Yugantar’s films carved new and productive spaces for dialogue through friendships and alliances, and their vision participated in shaping a period imbued with immense energies for resistant cultural practices to expand political discourse. The significance of the group’s films lies in their original collaborative practice before “participatory video work” or “community media” became familiar terms, and in being part of the Indian autonomous women’s movement and radical left movements of the 1970s and 80s.
In an interview with Shweta Kishore for The Conversation, Yugantar founding member Deepa Dhanraj explains, “I became a documentary filmmaker because of my association with the women’s movement. When we started our collective Yugantar in 1980, the intention was to make films on various struggles, agitations and issues that were being raised by the women’s movement at that time, particularly the shifts in consciousness, politics and the kind of contributions that both the activists and the academy were making in public discourse.”
She continues, “A lot of theory was being generated and one of the things we asked as a collective was: how do you communicate this back to the audiences and particularly women audiences so that there is a continuous loop? How do you tell these stories and talk about this politics at all levels from the grassroots to the academy? Personally, the intention of the collective was to document the struggles and then return these stories to the constituency, which could be women’s groups of all classes and as many institutions as we could tap into – trade unions, universities, high schools and film clubs.”
Yugantar’s Tambaku Chaakila Oob Ali, 1982, documents, re-enacts, and takes forward one of the largest movements of unorganised labour of its time and context, which sparked unionising processes across India throughout the 1980s. The collective spent four months with female tobacco factory workers in Nipani, Karnataka in India, listening to their accounts of exploitative working conditions, discussing strategies for unionising and steps to broaden solidarities for strike actions, and filming previously unseen circumstances inside the factories. The team followed the workers’ leads as to what, where, and how their actions should be recorded, and developed a loose script through the workers’ narratives.
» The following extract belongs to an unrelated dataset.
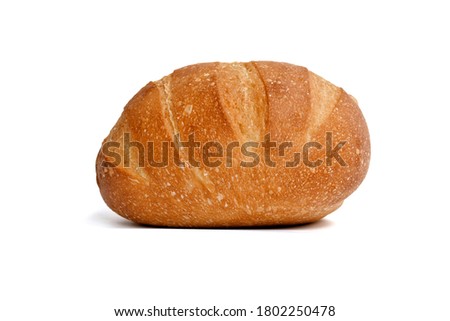 Freshly baked bread, big loaf of brown on white background, food concept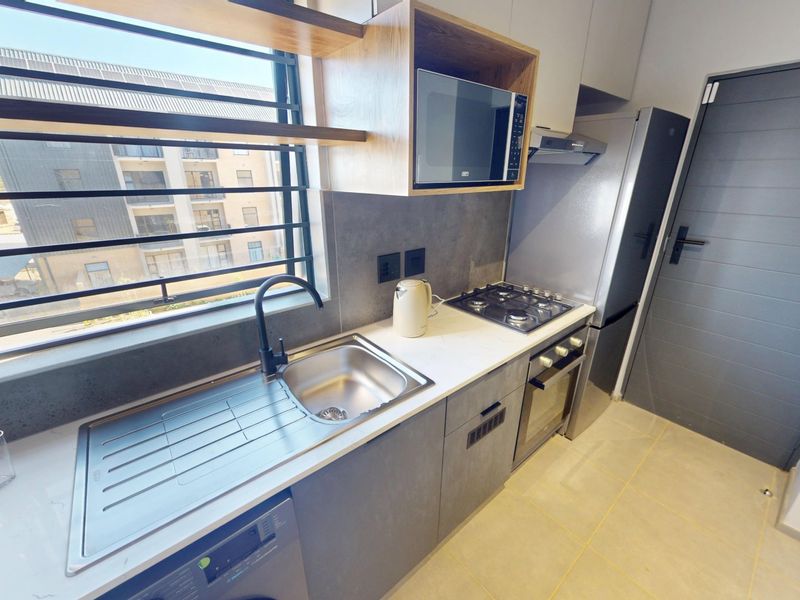 Modern kitchen featuring stone countertops, gas hob, built-in oven, extractor fan, and integrated microwave with sleek cabinetry and large window with security bars.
For their seminal project, Idhi Katha Matramena, 1983, in the midst of the very active women’s movement in India, Yugantar collaborated with the research and feminist activist collective Stree Shakhti Sanghatana, incited by an urgency to broaden conversations and political practice on domestic violence. Through an intense period of a consciousness raising style sharing of their own varied and multi-layered experiences of domestic violence, members of both collectives created a script that focuses on isolation and depression while also developing a complex female character in the process of articulating her situation and finding support in female friendship.
Given the prescribed screen presence of female characters in other Indian fiction films at the time, Idhi Katha Matramena radically expands the figure of the woman as victim and subject. The film travelled extensively, reaching diverse audiences and sparked debates amongst feminist activists. Filmed within one week, with limited resources and enacted by members of the collectives, the film’s capacity to speak to multiple experiences appears equally strong today. A retrospective of the films of Yugantar was recently shown at Berlinale as part of Forum Expanded in 2019, digitally restored and archived by Arsenal – Institute for Film and Video Art in Berlin.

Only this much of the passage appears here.